1. « Compétences ET diplômes » ou « compétences OU diplômes » ?

Le monde du travail a longtemps enseigné que la détention de diplômes doit se conjuguer à des compétences concrètes et transférables cumulant ainsi les deux dans les descriptifs des offres d’emploi.

Nos diplômes sont évidemment une réalisation extrêmement importante à laquelle la majorité d’entre nous avons consacré plusieurs années.

En graduant, nous gagnons une certification de nos connaissances professionnelles que nous garderons durant toute notre vie et parfois, nous devons amener la preuve aux employeurs que nous avons su acquérir des connaissances dans nos champs d’études. Mais dans notre monde d’aujourd’hui, où tout évolue vite, certaines matières enseignées à l’école deviennent obsolètes et inapplicables très rapidement aussi. Alors qu’en est-il des diplômes acquis il y a plus longtemps?

Les entreprises comprennent qu’un diplôme (académique) ne prépare pas nécessairement à une carrière.
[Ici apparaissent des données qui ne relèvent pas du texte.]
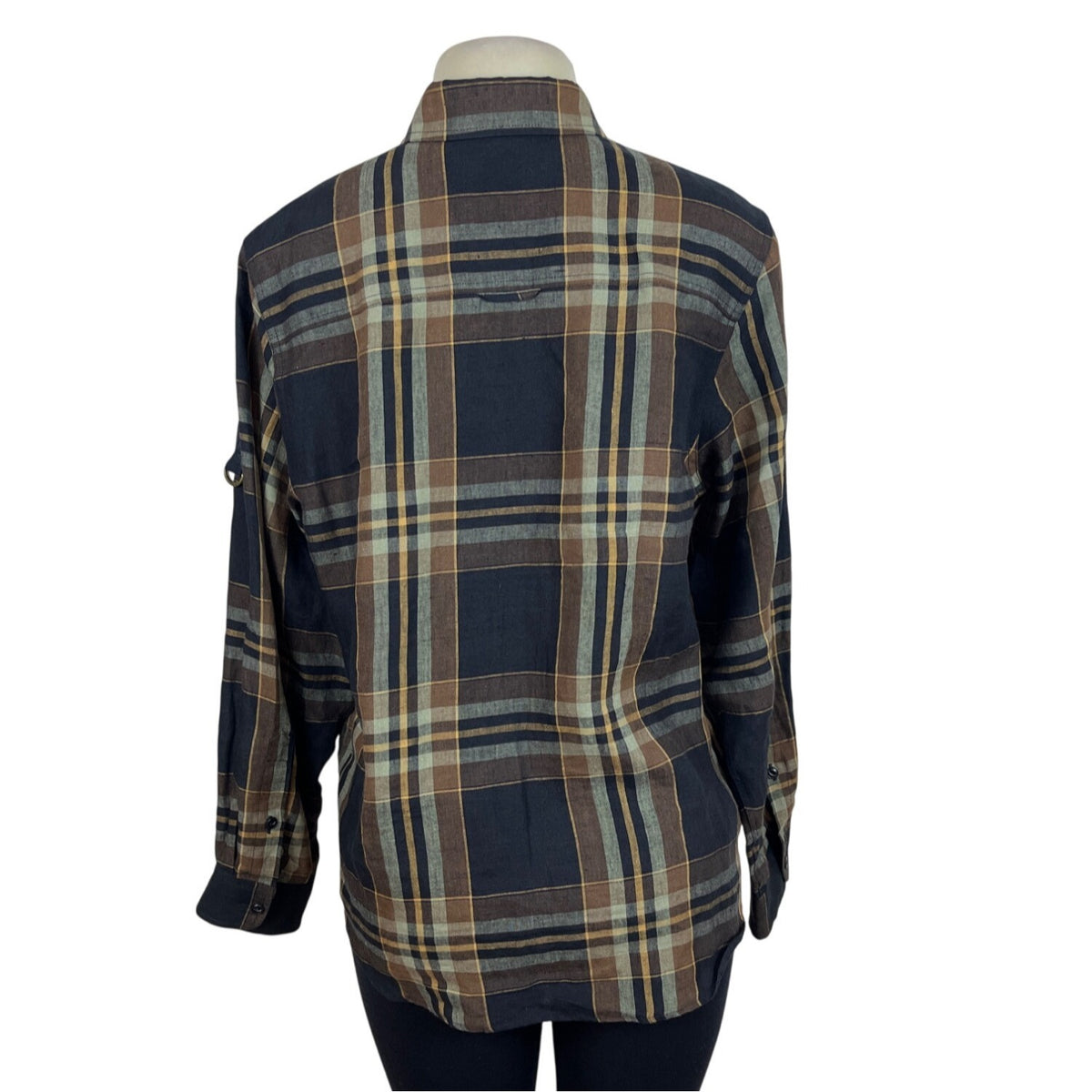 Ralph Lauren Plaid Womens Linen Shirt Brown/Black Long Sleeve Size L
Les employés doivent donc apprendre à adapter et faire évoluer leur bagage de compétences et de connaissances en lien avec les marchés. Voilà pourquoi l’acquisition de compétences pertinentes est en fait plus importante que l’acquisition d’un diplôme. Ces compétences sont transférables et applicables à toute industrie, à tout emploi et à toute situation. En gagnant de l’expérience concrète dans nos champs d’études, nous serons toujours mieux préparés à ce qui nous attend probablement sur le marché du travail.
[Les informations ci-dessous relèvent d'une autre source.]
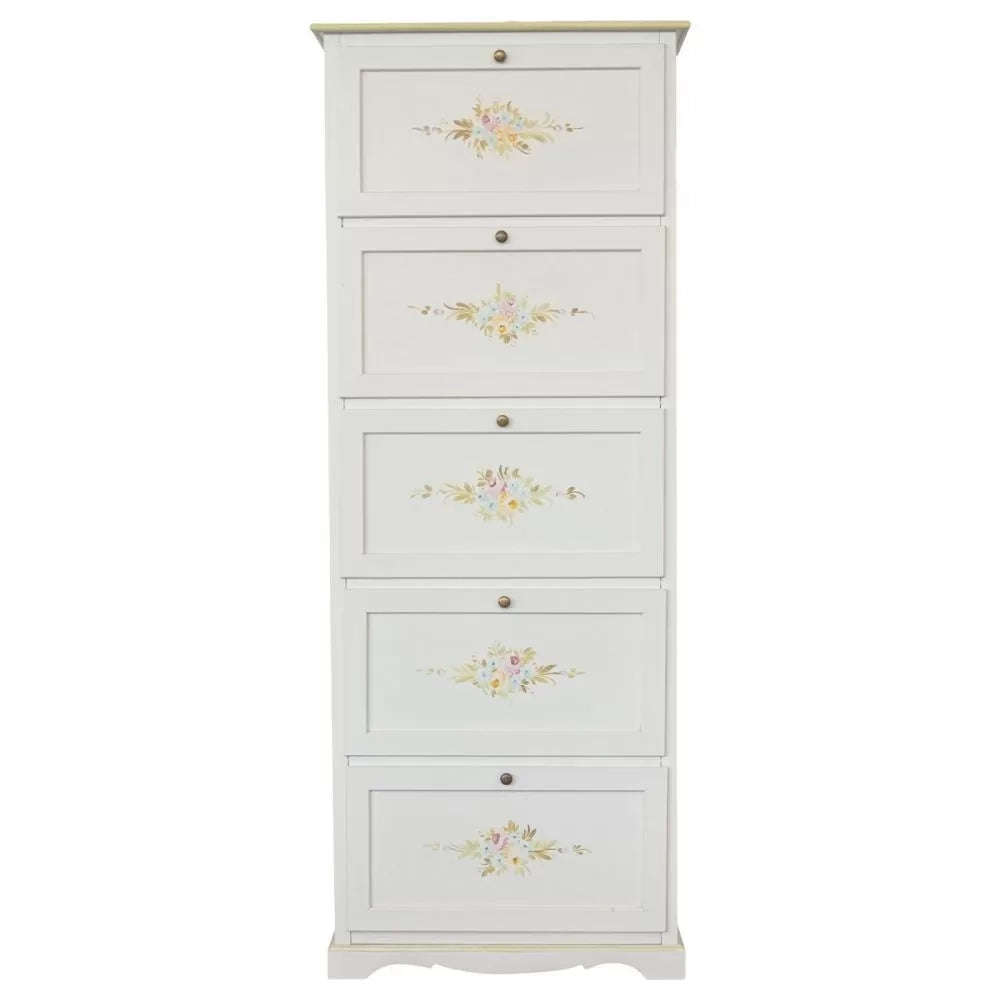 Scarpiera 5 ante shabby bianco decorato filo verde 79x30x210 - Mobili 2G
Durant ces années, à travers nos stages et divers contrats en lien avec nos formations académiques, nous avons donc acquis des compétences. Et ces dernières sont, à n’en pas douter, transférables et peuvent vous aider à exceller dans vos projets d’avenir.
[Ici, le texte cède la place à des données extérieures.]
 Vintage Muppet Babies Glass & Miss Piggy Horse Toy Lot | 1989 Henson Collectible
Ces faits sont confirmés par une étude d’Harvard Business School du 11 février 2022. Cette dernière réalisée sur plus de 51 millions d’offres d’emploi publiées entre 2017 et 2020 met en avant les faits suivants :

« Si la demande de talents dépasse largement l’offre, les employeurs mettent moins l’accent sur les diplômes. Cela est devenu de plus en plus évident dès la fin des années 2010. Entre 2017 et 2019, les employeurs ont réduit les exigences en matière de diplômes pour 46 % des postes moyennement qualifiés et 31 % des postes hautement qualifiés. Parmi les emplois les plus touchés figuraient ceux des TI et des postes de gestion, qui étaient difficiles à pourvoir pendant cette période.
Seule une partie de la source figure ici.